Reason for rehoming: Child in the home developed an allergy to them. 
Will the group be split: No. They need a home together. 
Other: Sweet girls.

Carrot









Broccoli


----------



## AnnaT (Oct 13, 2009)

Still waiting for a home


----------



## AnnaT (Oct 13, 2009)

Still here - no interest. Really sweet girls - very friendly.


----------



## AmyCruick (Jul 20, 2009)

Aw! I hope they find a home soon, they are gorgeous! I love the face that their ears are two different colours!


----------



## jo-pop (May 27, 2011)

I can't believe no interest. They are stunning.


----------



## AnnaT (Oct 13, 2009)

These girls are still here


----------



## AnnaT (Oct 13, 2009)

Still looking for a home


----------



## AnnaT (Oct 13, 2009)

These girls are still waiting for a home.


----------



## kate_7590 (Feb 28, 2009)

Aww how sweet are they!
Cant believe nobody is interested in them.
Id snap them up in a second if I knew they could be bonded to my lot, but never had experience trying to bond adults :S


----------



## AnnaT (Oct 13, 2009)

Still here. No interest at all


----------



## AnnaT (Oct 13, 2009)

Still waiting for a home.


----------



## kate_7590 (Feb 28, 2009)

this makes me so sad, why haven't they got a lovely home yet. :nonod:


----------



## AnnaT (Oct 13, 2009)

These girls have been with us since September 

Here are some videos of them in the run.

Carrot and Broccoli need a home - YouTube

Carrot and Broccoli need a home 2 - YouTube


----------



## hazyreality (Jan 11, 2009)

I cant believe they are still with you  
They are beautiful girls, if only I didnt have a precuriously bonded 7, these would come home to me!

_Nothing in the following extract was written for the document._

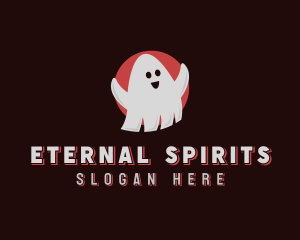 Spooky Spirit Ghost logo design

I absolutely love their markings, and their names


----------



## hazyreality (Jan 11, 2009)

I am really taken with these girls and have been asking around all the rabbit lovers I know.
There is someone who is interested, so *fingers crossed* that she will do. 
May have to sort a bunny run here if she does, will figure that out if it comes to it 

*Heidi*


----------



## AnnaT (Oct 13, 2009)

After a very long time in rescue, Carrot and Broccoli are now in a new home!


----------



## hazyreality (Jan 11, 2009)

That is such great great news 
They really deserved to finally have a forever home 

*Heidi*


----------



## kate_7590 (Feb 28, 2009)

Thats so brilliant!!


----------